■ BRIEF
Please return, exactly and only, the lines beginning at the top of the entries below and ending with the line containing "Depending on the"; keep out the pictures.
==========
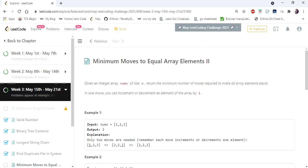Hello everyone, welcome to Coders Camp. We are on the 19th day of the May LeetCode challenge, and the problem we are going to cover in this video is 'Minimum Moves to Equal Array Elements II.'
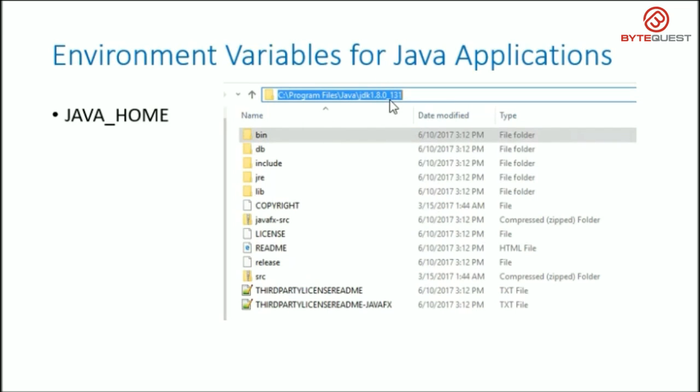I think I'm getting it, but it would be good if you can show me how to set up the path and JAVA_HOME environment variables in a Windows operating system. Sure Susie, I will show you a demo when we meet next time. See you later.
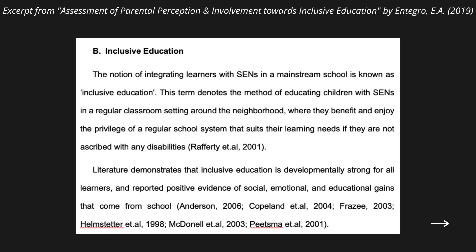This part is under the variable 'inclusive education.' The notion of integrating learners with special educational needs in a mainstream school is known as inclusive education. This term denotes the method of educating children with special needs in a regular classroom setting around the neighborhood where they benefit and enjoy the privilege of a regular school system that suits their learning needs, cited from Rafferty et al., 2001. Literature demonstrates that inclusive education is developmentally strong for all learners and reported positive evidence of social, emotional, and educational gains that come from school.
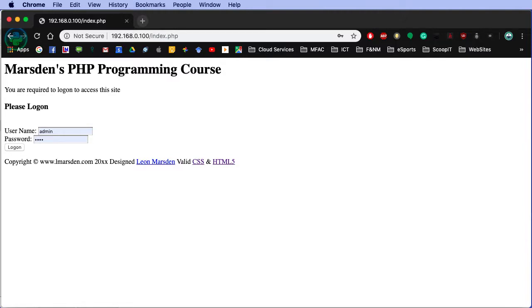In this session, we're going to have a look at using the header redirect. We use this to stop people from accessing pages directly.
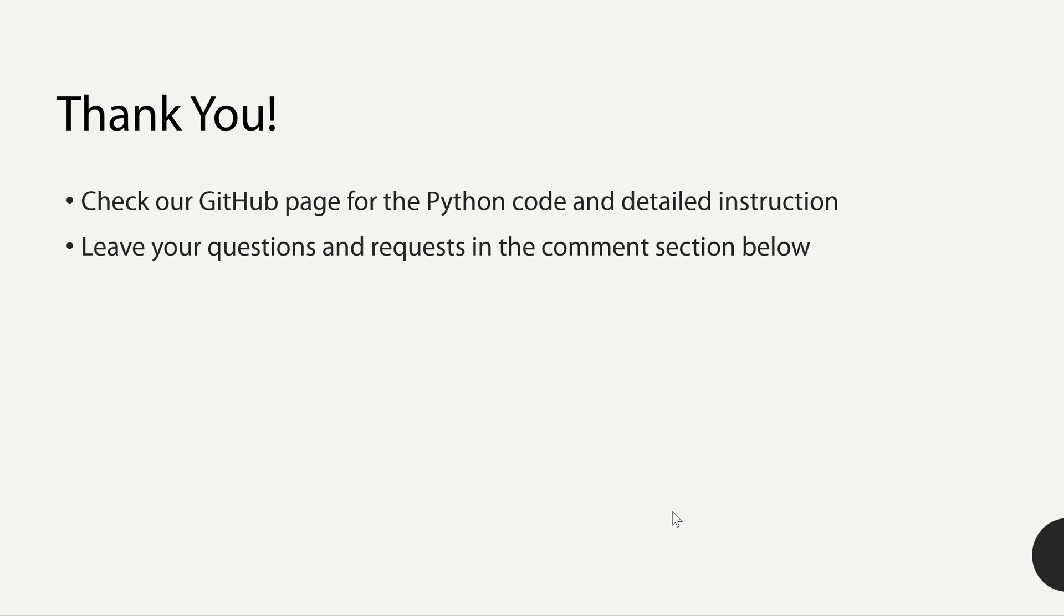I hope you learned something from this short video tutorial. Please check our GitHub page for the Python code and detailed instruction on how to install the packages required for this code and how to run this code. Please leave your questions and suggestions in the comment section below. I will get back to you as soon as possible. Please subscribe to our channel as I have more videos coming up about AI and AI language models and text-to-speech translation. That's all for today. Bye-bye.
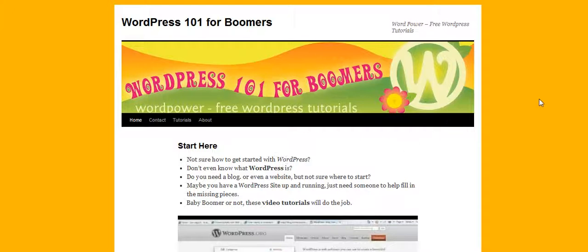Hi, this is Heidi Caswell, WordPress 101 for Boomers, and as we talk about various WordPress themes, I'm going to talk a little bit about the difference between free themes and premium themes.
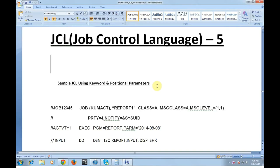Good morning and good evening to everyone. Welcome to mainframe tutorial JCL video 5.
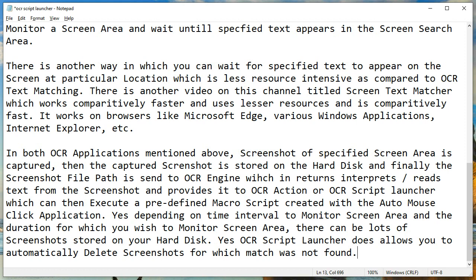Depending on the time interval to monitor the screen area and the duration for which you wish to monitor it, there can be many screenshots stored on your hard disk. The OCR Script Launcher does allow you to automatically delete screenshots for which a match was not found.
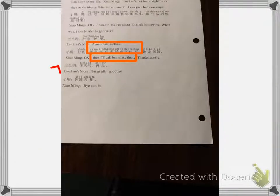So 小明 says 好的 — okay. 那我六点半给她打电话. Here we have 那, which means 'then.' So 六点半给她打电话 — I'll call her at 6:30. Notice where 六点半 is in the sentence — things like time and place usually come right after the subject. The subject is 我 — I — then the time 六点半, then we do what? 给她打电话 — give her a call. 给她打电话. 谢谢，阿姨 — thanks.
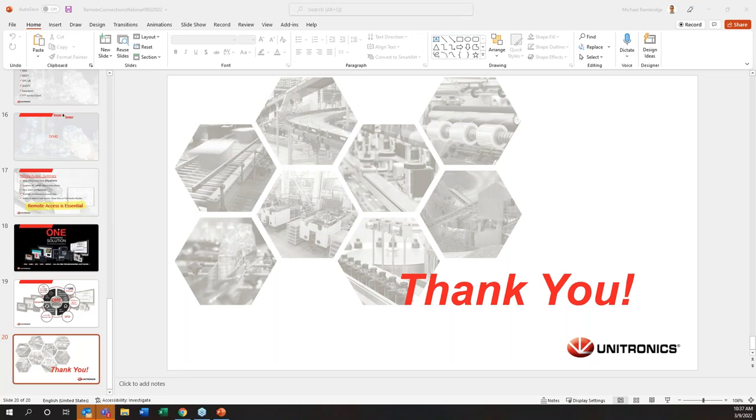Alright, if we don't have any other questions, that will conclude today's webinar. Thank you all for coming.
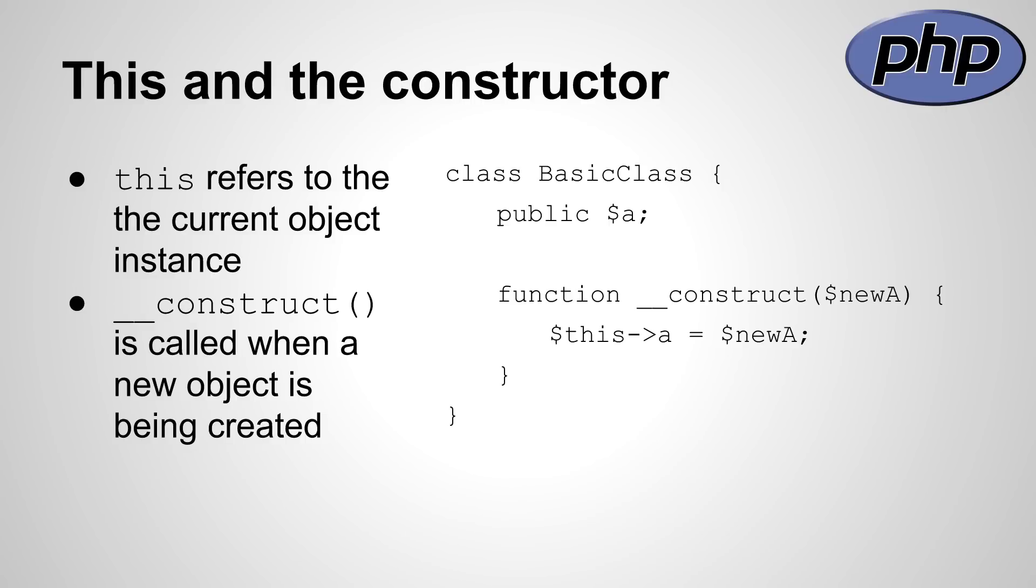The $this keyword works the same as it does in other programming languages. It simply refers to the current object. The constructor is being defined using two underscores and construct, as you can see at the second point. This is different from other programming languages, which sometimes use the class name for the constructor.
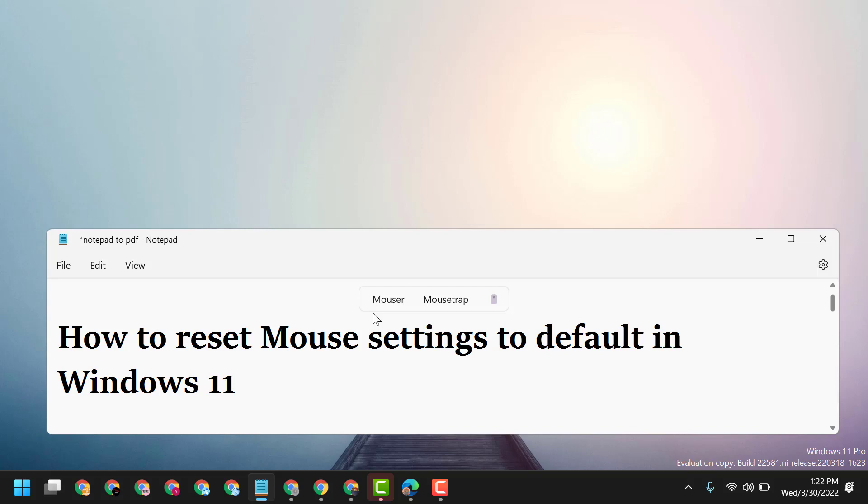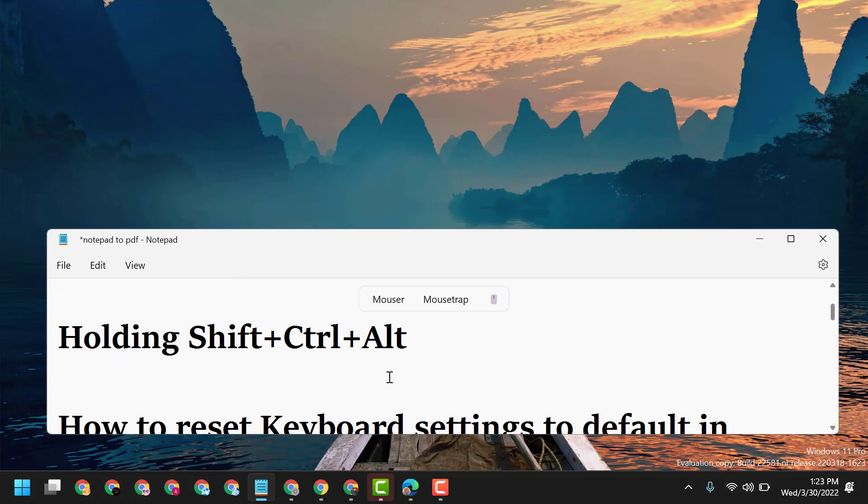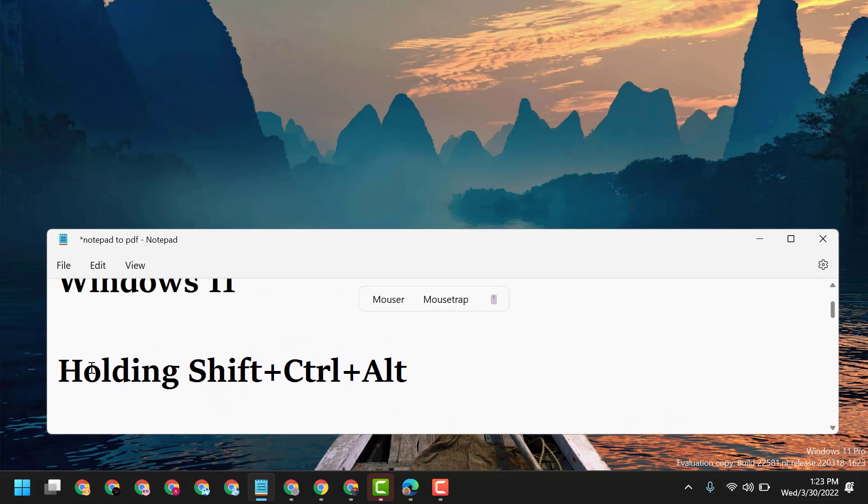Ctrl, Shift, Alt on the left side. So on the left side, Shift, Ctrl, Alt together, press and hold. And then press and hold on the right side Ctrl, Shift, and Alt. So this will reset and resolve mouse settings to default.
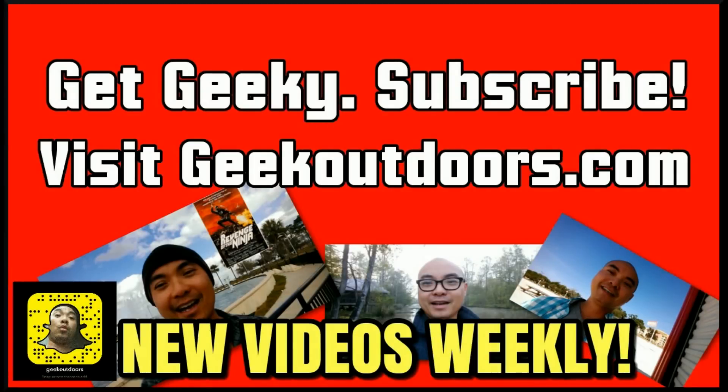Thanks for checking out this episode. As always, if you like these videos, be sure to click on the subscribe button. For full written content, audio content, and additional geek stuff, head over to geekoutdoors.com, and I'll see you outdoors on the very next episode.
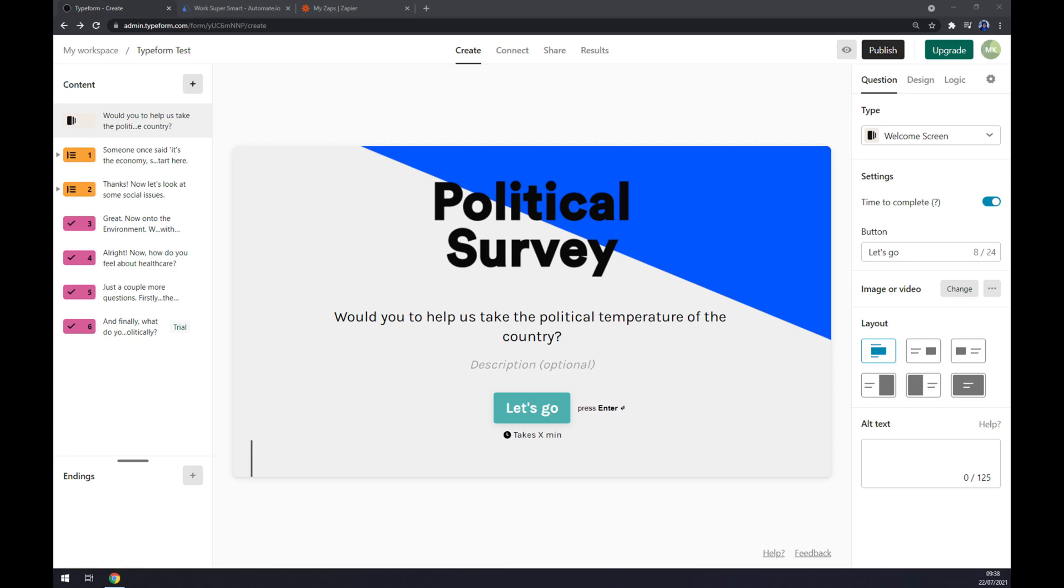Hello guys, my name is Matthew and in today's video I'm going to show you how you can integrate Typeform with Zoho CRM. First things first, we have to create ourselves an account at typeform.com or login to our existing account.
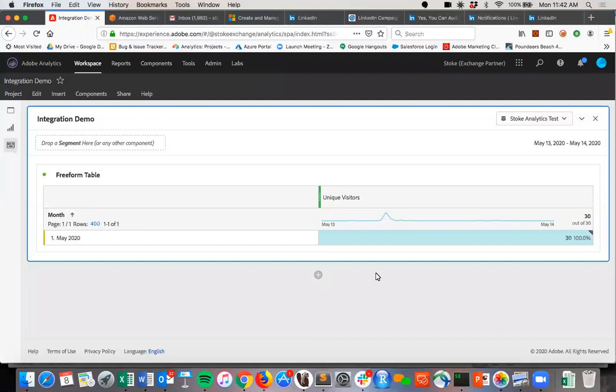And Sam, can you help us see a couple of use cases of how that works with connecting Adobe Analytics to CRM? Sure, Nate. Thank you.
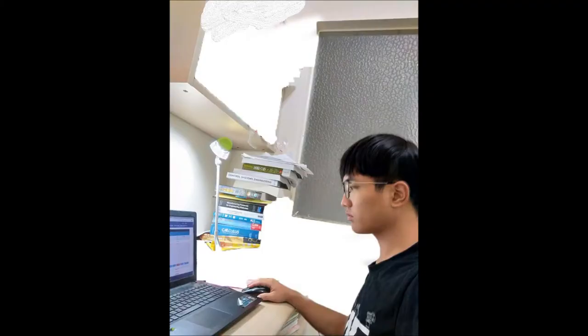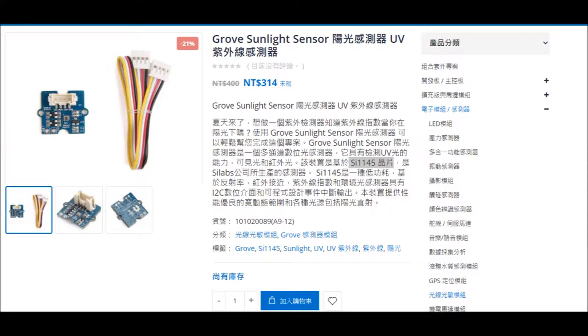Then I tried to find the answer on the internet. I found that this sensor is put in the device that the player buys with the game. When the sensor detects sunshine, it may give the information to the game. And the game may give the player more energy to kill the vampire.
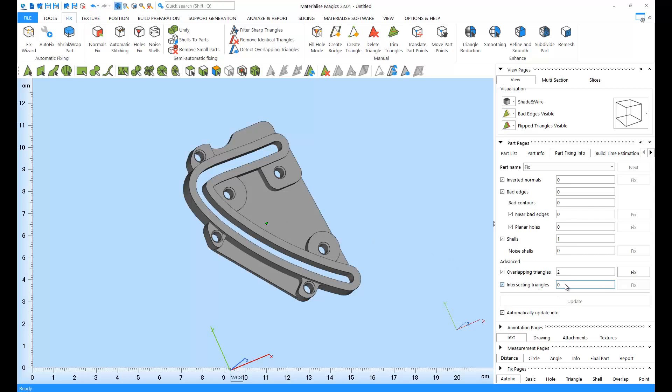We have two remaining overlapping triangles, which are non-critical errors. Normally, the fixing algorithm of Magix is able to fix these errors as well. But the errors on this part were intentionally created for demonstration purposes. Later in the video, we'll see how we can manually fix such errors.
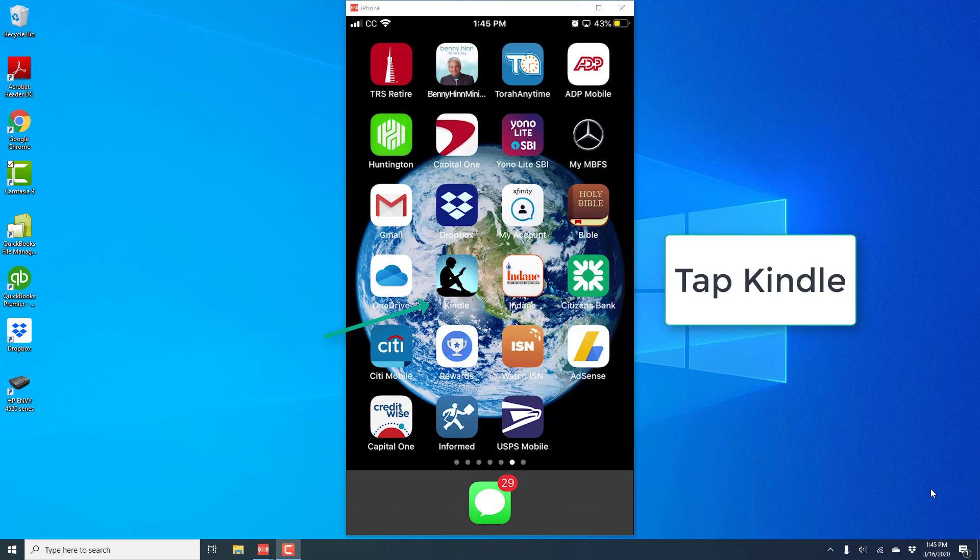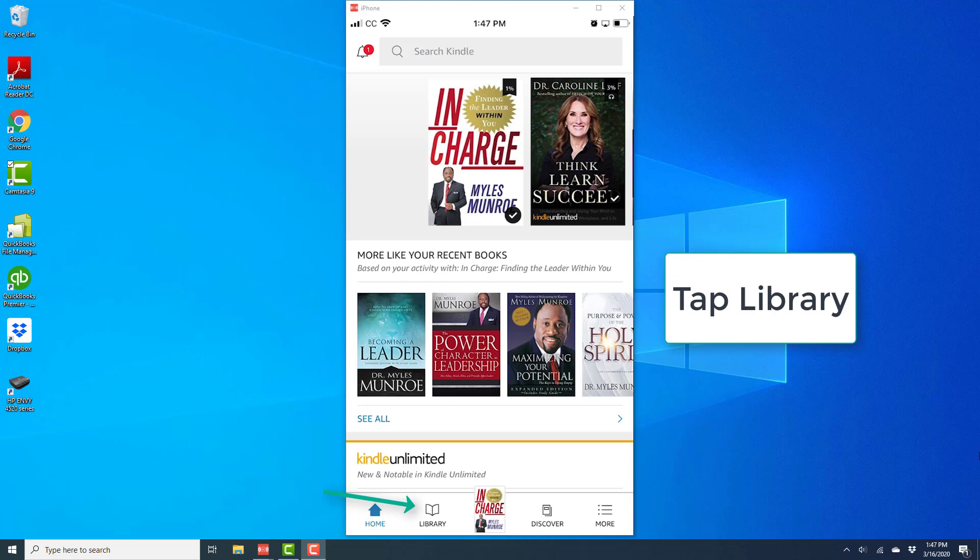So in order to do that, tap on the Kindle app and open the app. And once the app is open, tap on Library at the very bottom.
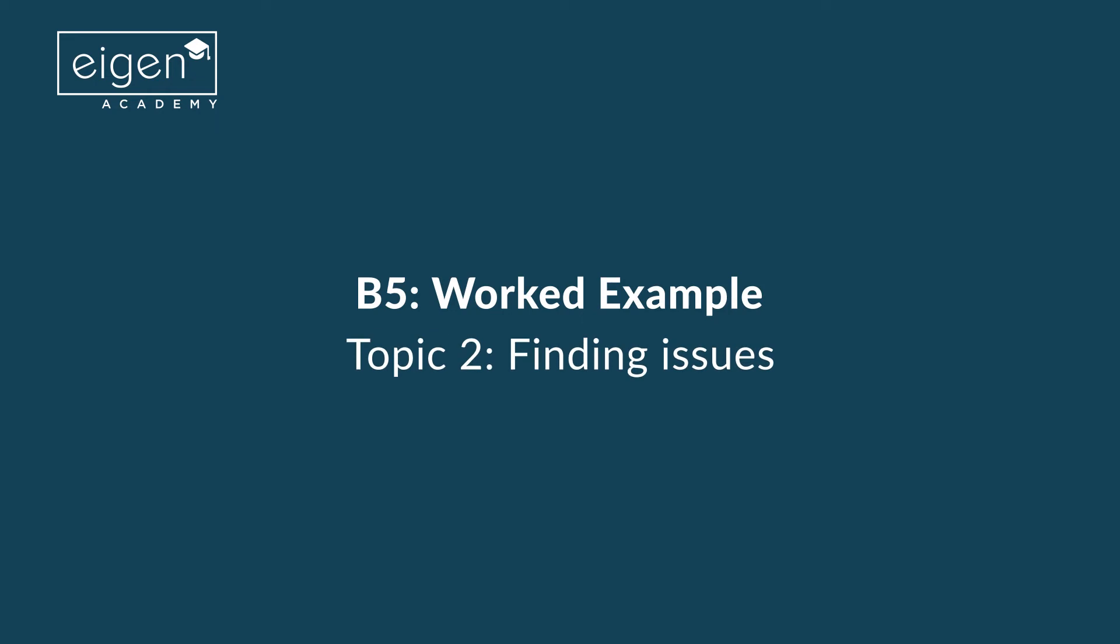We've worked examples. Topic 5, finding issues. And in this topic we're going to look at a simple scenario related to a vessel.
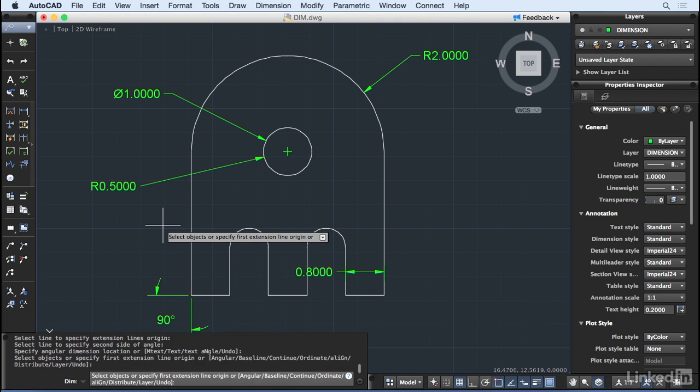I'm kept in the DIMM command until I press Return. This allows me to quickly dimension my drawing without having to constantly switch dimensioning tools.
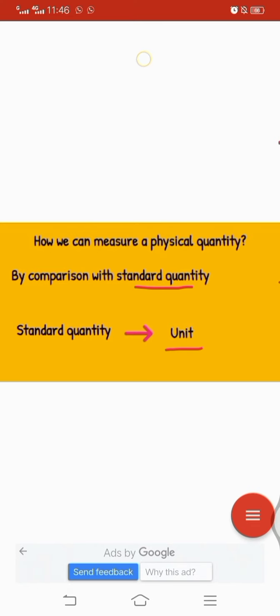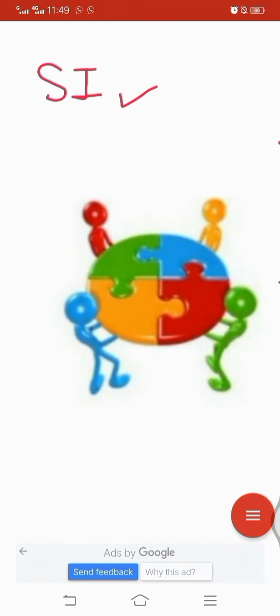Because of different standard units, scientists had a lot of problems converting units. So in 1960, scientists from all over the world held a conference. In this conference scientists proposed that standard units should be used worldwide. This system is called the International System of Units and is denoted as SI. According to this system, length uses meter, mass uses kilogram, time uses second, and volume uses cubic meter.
==========
■ RESULT
Hello everyone, welcome to Coders Camp. We are on the 19th day of the May LeetCode challenge, and the problem we are going to cover in this video is 'Minimum Moves to Equal Array Elements II.'
I think I'm getting it, but it would be good if you can show me how to set up the path and JAVA_HOME environment variables in a Windows operating system. Sure Susie, I will show you a demo when we meet next time. See you later.
This part is under the variable 'inclusive education.' The notion of integrating learners with special educational needs in a mainstream school is known as inclusive education. This term denotes the method of educating children with special needs in a regular classroom setting around the neighborhood where they benefit and enjoy the privilege of a regular school system that suits their learning needs, cited from Rafferty et al., 2001. Literature demonstrates that inclusive education is developmentally strong for all learners and reported positive evidence of social, emotional, and educational gains that come from school.
In this session, we're going to have a look at using the header redirect. We use this to stop people from accessing pages directly.
I hope you learned something from this short video tutorial. Please check our GitHub page for the Python code and detailed instruction on how to install the packages required for this code and how to run this code. Please leave your questions and suggestions in the comment section below. I will get back to you as soon as possible. Please subscribe to our channel as I have more videos coming up about AI and AI language models and text-to-speech translation. That's all for today. Bye-bye.
Hi, this is Heidi Caswell, WordPress 101 for Boomers, and as we talk about various WordPress themes, I'm going to talk a little bit about the difference between free themes and premium themes.
Good morning and good evening to everyone. Welcome to mainframe tutorial JCL video 5.
Depending on the time interval to monitor the screen area and the duration for which you wish to monitor it, there can be many screenshots stored on your hard disk. The OCR Script Launcher does allow you to automatically delete screenshots for which a match was not found.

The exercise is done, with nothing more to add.